There entered in a determining thought-flash. Flame of Fire Weed was the whole of it. All of a sudden he realized that he loved the ranch girl. For her, whether he won or lost her, he must save such personal appearance as he had. Thank Heaven that he had a gun—that, although loath to draw it, never had he been beaten in point of time thereto, once his mind was made up. It was now—for Flame!
All in the same flash with his realizations, his gun hand had gone to his hip, his fair warning had been lifted.
"Take care, boozo—I've got you covered!"
The pause gained by his boast was only the length of a breath, of a look. His hand was empty—had failed to find the trusty Colt where it should have been stalled in his hip holster!
A rasped curse from the Swede sounded like the breath of an Arctic winter storm, the sort of storm he had become familiar with on his last long detail in the North.
The boot studded with calks descended, and the end—the unspeakable end—was near.
But in the fraction of the last second a fury of denial moved the seemingly helpless man upon the splintered floor. The vivid remembrance of Flame Gallegher, freckled nose, fiery hair, had something to do with it.

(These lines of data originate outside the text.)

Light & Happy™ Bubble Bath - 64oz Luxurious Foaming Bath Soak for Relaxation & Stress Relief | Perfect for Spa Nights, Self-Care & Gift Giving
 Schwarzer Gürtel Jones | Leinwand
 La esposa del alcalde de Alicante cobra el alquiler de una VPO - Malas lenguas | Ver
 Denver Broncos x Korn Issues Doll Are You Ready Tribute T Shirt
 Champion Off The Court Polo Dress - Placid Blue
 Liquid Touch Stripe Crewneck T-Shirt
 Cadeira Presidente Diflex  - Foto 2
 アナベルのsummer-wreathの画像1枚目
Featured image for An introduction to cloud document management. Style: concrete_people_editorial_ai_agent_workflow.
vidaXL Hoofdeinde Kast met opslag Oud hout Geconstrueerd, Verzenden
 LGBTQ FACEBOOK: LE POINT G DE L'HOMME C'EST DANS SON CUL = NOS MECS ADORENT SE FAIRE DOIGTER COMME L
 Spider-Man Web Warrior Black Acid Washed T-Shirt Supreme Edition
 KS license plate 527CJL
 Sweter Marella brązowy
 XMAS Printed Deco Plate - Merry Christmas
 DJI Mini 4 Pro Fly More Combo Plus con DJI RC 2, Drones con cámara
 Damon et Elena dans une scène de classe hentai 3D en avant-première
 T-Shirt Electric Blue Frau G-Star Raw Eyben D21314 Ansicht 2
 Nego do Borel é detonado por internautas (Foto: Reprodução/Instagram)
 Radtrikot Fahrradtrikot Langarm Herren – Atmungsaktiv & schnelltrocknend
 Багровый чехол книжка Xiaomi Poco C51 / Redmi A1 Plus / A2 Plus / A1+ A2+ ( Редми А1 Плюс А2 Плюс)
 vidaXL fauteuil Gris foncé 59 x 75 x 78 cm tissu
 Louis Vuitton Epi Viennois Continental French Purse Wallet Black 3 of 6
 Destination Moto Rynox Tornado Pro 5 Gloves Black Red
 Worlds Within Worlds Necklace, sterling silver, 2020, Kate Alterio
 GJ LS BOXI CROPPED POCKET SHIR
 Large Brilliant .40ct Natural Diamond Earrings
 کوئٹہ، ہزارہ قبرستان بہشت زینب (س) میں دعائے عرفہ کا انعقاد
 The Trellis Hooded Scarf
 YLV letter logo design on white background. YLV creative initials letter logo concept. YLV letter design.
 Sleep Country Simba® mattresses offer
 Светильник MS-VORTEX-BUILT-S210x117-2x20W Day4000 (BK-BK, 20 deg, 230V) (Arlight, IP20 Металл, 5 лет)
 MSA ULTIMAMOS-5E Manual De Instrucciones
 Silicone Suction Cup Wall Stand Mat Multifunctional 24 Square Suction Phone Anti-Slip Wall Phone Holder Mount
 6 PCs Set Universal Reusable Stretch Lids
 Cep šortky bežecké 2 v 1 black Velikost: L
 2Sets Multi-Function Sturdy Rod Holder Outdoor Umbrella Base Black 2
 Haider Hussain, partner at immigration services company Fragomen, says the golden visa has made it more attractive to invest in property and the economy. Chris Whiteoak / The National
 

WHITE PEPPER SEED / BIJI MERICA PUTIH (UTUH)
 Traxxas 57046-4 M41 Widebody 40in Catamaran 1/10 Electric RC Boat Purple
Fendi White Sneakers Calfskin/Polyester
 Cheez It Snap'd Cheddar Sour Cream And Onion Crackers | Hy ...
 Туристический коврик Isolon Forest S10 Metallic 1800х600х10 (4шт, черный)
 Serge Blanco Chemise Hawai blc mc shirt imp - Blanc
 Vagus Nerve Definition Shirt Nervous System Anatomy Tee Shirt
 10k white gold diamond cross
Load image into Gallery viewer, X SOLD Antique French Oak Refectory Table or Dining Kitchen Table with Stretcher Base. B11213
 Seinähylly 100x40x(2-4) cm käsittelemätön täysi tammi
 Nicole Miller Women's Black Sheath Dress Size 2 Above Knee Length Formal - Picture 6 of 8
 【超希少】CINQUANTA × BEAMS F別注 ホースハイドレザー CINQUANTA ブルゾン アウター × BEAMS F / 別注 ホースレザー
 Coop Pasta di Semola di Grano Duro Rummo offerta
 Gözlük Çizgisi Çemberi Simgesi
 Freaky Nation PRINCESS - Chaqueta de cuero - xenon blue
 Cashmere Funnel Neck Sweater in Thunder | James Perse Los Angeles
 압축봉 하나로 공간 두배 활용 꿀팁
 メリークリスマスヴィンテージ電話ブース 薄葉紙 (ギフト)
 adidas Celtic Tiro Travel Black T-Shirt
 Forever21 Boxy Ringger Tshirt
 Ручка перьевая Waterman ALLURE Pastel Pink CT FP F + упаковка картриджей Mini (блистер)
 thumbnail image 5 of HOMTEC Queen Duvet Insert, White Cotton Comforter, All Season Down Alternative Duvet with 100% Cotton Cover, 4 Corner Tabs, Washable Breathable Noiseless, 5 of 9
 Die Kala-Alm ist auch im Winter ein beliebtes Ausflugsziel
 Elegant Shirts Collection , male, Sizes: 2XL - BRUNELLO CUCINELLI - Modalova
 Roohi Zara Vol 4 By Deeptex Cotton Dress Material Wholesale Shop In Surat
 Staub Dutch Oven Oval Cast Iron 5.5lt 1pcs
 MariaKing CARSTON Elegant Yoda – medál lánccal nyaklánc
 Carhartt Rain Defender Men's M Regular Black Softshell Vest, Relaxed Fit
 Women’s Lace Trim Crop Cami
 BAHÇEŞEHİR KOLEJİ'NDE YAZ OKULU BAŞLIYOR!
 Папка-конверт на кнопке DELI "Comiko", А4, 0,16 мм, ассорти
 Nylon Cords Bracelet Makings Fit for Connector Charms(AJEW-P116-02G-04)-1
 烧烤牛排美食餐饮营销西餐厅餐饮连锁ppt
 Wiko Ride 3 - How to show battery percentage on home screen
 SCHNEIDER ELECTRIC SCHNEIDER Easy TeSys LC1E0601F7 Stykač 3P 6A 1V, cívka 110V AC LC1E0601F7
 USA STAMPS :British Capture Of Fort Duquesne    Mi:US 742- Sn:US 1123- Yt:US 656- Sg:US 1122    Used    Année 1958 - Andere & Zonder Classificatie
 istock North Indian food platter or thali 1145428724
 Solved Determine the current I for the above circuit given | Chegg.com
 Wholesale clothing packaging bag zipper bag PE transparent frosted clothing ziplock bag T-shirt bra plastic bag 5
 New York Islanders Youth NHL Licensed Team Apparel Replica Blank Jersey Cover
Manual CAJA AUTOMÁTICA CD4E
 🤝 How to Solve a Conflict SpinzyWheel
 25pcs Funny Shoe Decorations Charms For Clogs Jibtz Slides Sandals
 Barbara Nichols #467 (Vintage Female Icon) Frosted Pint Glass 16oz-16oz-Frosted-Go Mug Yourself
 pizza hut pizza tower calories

"Not me; not me!" shrieked his primal appetence—his will to live.
With all the power conserved in him by years of trouble service, he threw up the arm that had reached in vain for his gun and took the Swede's tread square, without a whimper, although the pain was beyond experience.
The spikes cut into his forearm, snagging the flesh to the bone. Borrowing strength from the very torture forced upon himself, he gave an upward heave that forced him to a sitting posture and toppled Larsen to a fall.